Using IBM Cloud Kubernetes Service on classic to host the dl-reverse-proxy

Follow these steps to set up the dl-reverse-proxy for IBM Cloud® Direct Link by using IBM Cloud Kubernetes Service on classic.

Create an IBM Cloud Kubernetes Service cluster

Create an IBM Cloud Kubernetes Service cluster in your IBM Cloud account, which serves as the connection between your Satellite location and IBM Cloud on the private network.

  1. Review the networking basics of clusters. In particular, ensure that you prepare the following:

    • VLAN management (classic clusters only): Manage and choose both a public and private VLAN for your cluster's network connectivity.
    • Subnet routing: Enable a Virtual Router Function (VRF) or VLAN spanning for your IBM Cloud infrastructure account so your worker nodes can communicate with each other on the private network and communicate with private cloud service endpoints internally.
    • IP address schema: Ensure that no subnet conflicts exist between the cluster and your on-premises network.
  2. Review the steps you need to take to prepare to create a cluster.

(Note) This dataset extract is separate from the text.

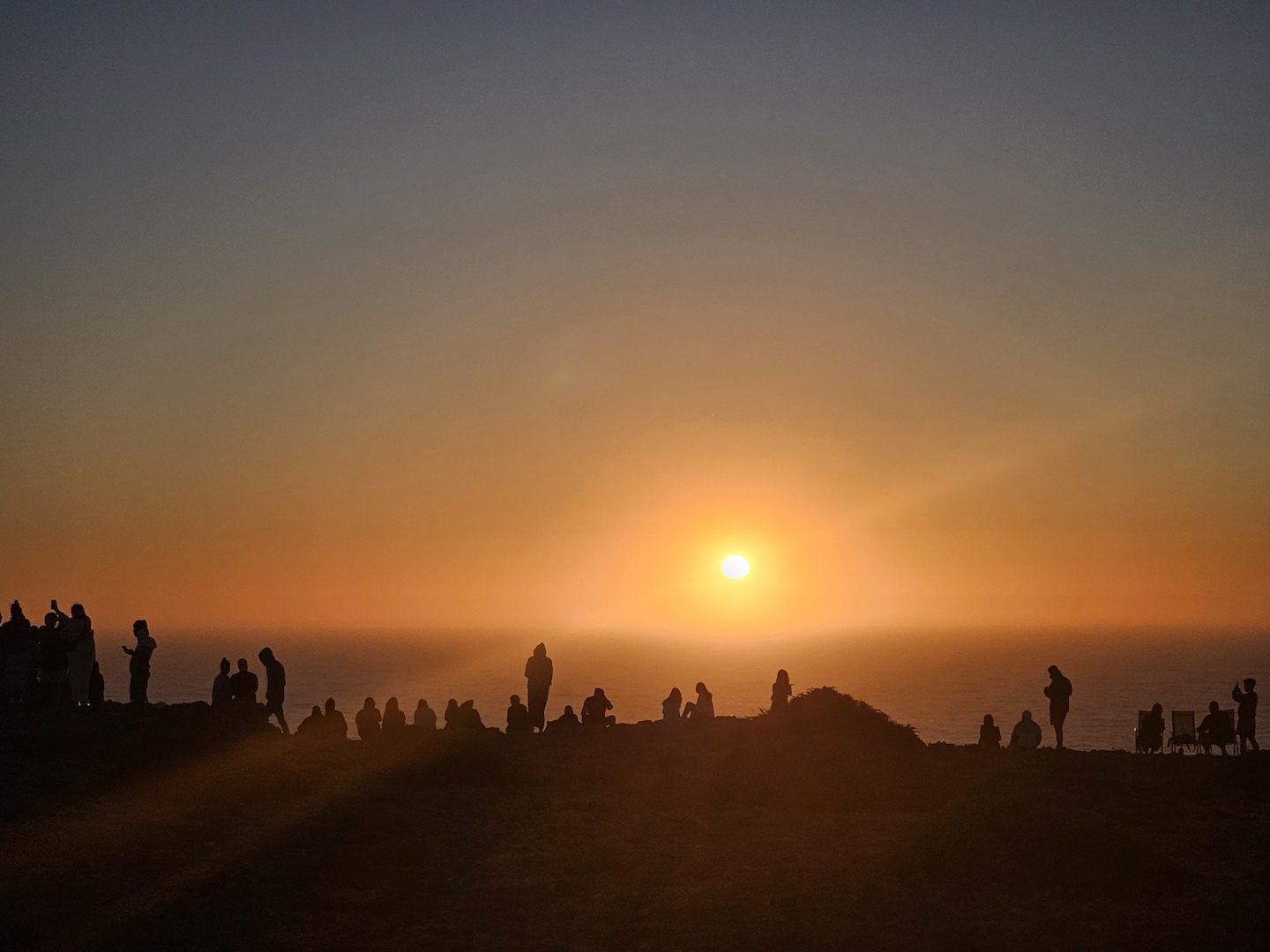 People watching the sunset on Cape St Vincent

  3. Create a standard classic cluster or VPC cluster in the CLI. Create the cluster with the following features.

    • Classic clusters:
      • Zone: Any multizone-capable zone
      • Worker node flavor: Any classic infrastructure flavor
      • Network connectivity: Public and private VLANs
      • Worker pool: At least 2 worker nodes
      • Version: 1.20.7 or later
      • Cloud service endpoints: Both public and private endpoints
      • Subnets: Include subnets in the --pod-subnet and --service-subnet options if the default ranges conflict with the Satellite location’s subnet that you set up in your on-premises data center or in a different cloud provider
    • VPC clusters:
      • Zone: Any multizone-capable VPC zone
      • Worker node flavor: Any VPC infrastructure flavor
      • Version: 1.20.7 or later
      • Worker pool: At least 2 worker nodes
      • Subnets: Include subnets in the --pod-subnet and --service-subnet options if the default ranges conflict with the Satellite location’s subnet that you set up in your on-premises data center or in a different cloud provider
      • Cloud service endpoints: Do not specify the --disable-public-service-endpoint option to ensure that both public and private endpoints are created
  4. Spread the default worker pool across zones to increase the availability of your classic or VPC cluster. Ensure that at least 2 worker nodes exist in each zone, so that the private ALBs that you configure in subsequent steps are highly available and can properly receive version updates.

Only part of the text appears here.